Differential expression analysis was performed between microglia-CAMs with and without called CNVs from CNV-carrying Alzheimer’s disease individuals using the FindMarkers function of Seurat (v4.1.1) with a min. pct cutoff of 0.10 and no fold-change cutoff. Genes with an adjusted p-value < 0.05 were called as differentially-expressed genes (DEGs). clusterProfiler (v4.4.4) (Wu, T. et al. Innovation (Camb) 2, 100141 (2021)) was used to perform all enrichment analyses. GO enrichment analysis was performed using standard parameters and a universe of all genes expressed in >10% of microglia-CAMs in the integrated atlas. Terms were deemed significant if they had an adjusted p-value < 0.05.

DEGs were also tested for enrichment of previously-defined microglial state gene modules (Dolan, M.-J. et al. bioRxiv (2022)). A minority of genes (107/905; 11.9%) within these microglial state gene modules were shared between multiple modules. To ensure specificity of module enrichment, genes were weighted by the inverse of the number of modules in which they were present. Non-integer values were rounded and module enrichment was tested using a hypergeometric test. Other Embodiments

From the foregoing description, it will be apparent that variations and modifications may be made to the invention described herein to adopt it to various usages and conditions. Such embodiments are also within the scope of the following claims.

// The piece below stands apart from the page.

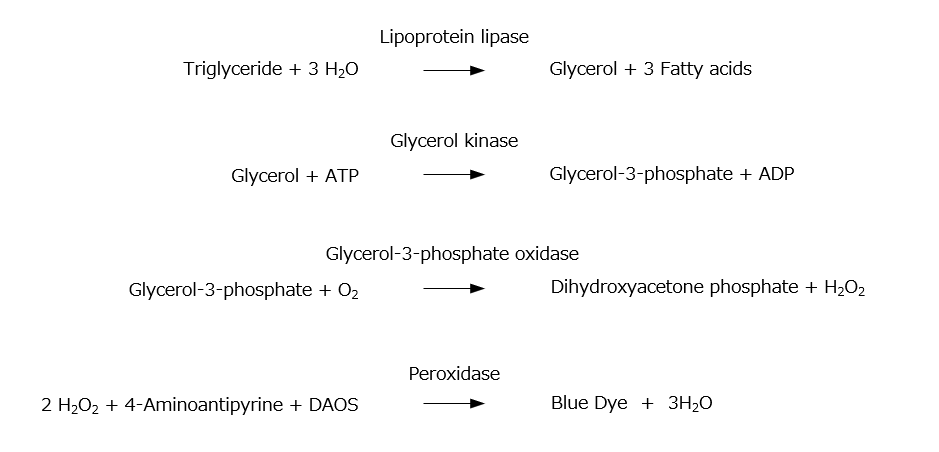 Principle of the Triglycerides assay using GPO-DAOS method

The recitation of a listing of elements in any definition of a variable herein includes definitions of that variable as any single element or combination (or subcombination) of listed elements. The recitation of an embodiment herein includes that embodiment as any single embodiment or in combination with any other embodiments or portions thereof. All patents and publications mentioned in this specification are herein incorporated by reference to the same extent as if each independent patent and publication was specifically and individually indicated to be incorporated by reference.